Environmental Humanities
The Environmental Humanities is an emerging, multidisciplinary field that explores the entangled relationships among human culture and the wider biotic world. As “Humanities” implies, the emphasis is on the artistic, philosophical, linguistic, and cultural resources communities use to imagine what nature is, where it is to be found, and our proper relationship with it. If the Environmental Sciences investigate the material factors that contribute to our ecological crisis, the Environmental Humanities explore, in transformative dialogue with the sciences, the aesthetic, imaginative, cultural, religious, and ethical components that not only drive our crisis but also provide us with the tools to imagine responses to it.
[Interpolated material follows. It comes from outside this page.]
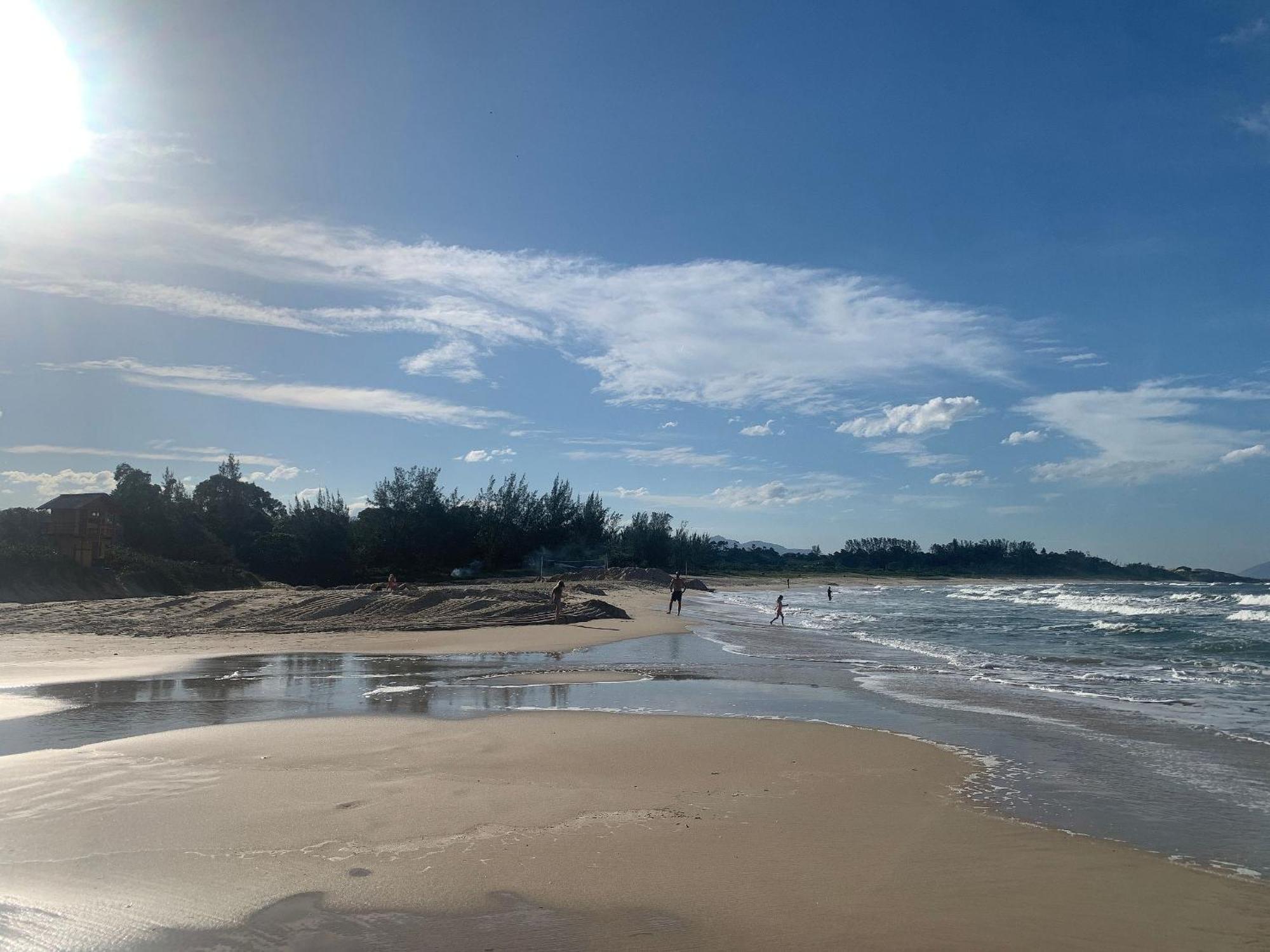 Pousada Buena Onda - Garopaba-Sc - 50M Da Praia Exteriör bild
The minor will be robustly interdisciplinary, with current commitments of courses from fifteen fields and academic units. It will also include engaged learning opportunities that stress civic ecology, or community-based, grassroots environmental education and action, particularly in Waco. This local engagement will rely upon partnerships already formed between faculty who have envisioned this minor and university programs and local non-profits that address food insecurity, food systems injustice, environmental degradation, and environmental injustice. Drawing upon Baylor’s unique intellectual and institutional resources, several existing and envisioned classes will also ask how religious communities and traditions can be both critiqued and constructively engaged on issues of environmental consciousness and action.
Most degree programs at Baylor do not require a student to select a minor area of study, but students may choose to minor in a field that supplements their major or may choose to pursue an area of academic interest completely outside their major. For example, an Environmental Studies major may choose to minor in Environmental Humanities to supplement their major.